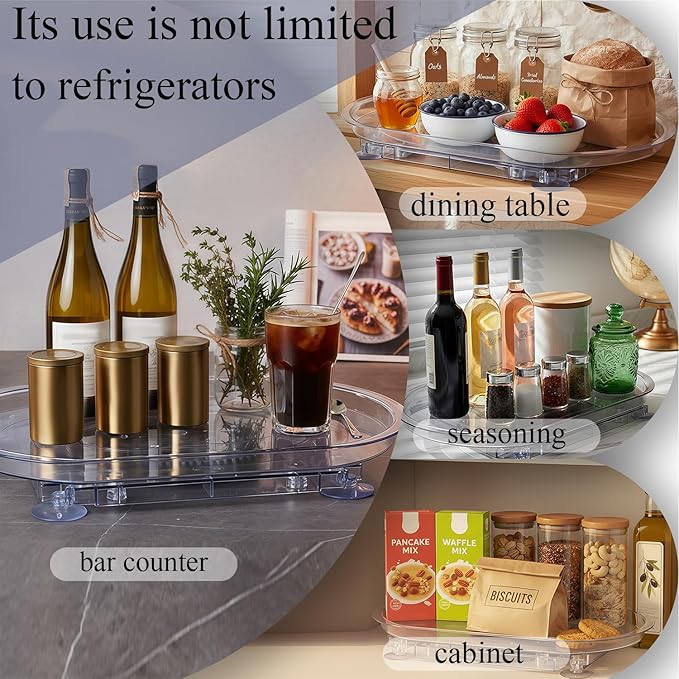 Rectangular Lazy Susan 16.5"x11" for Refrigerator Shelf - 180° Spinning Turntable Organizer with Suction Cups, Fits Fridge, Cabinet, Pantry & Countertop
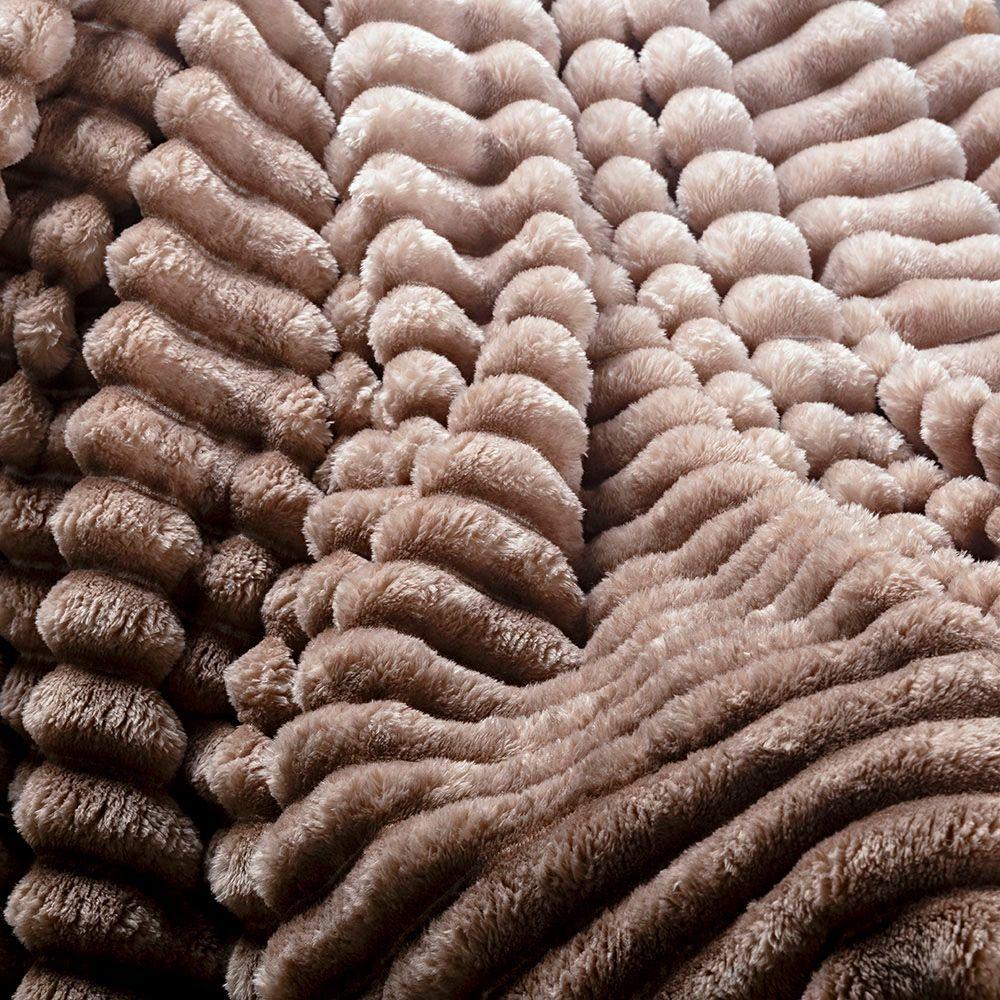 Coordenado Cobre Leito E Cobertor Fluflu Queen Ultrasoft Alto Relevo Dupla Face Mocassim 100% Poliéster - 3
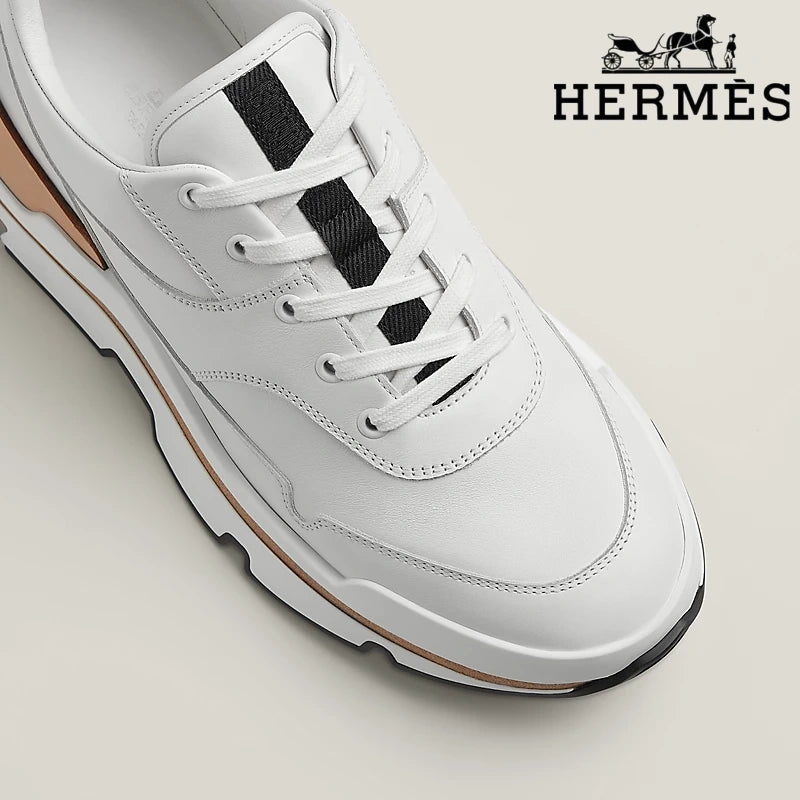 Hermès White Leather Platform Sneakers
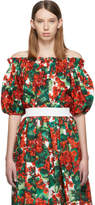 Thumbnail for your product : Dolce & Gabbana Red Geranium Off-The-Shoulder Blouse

* About this exercise
Please repeat exactly the data above from its first line to the line that contains "Hermès White Leather Platform Sneakers", inclusive, and leave every picture out.

* Solution below
 Rectangular Lazy Susan 16.5"x11" for Refrigerator Shelf - 180° Spinning Turntable Organizer with Suction Cups, Fits Fridge, Cabinet, Pantry & Countertop
 Coordenado Cobre Leito E Cobertor Fluflu Queen Ultrasoft Alto Relevo Dupla Face Mocassim 100% Poliéster - 3
 Hermès White Leather Platform Sneakers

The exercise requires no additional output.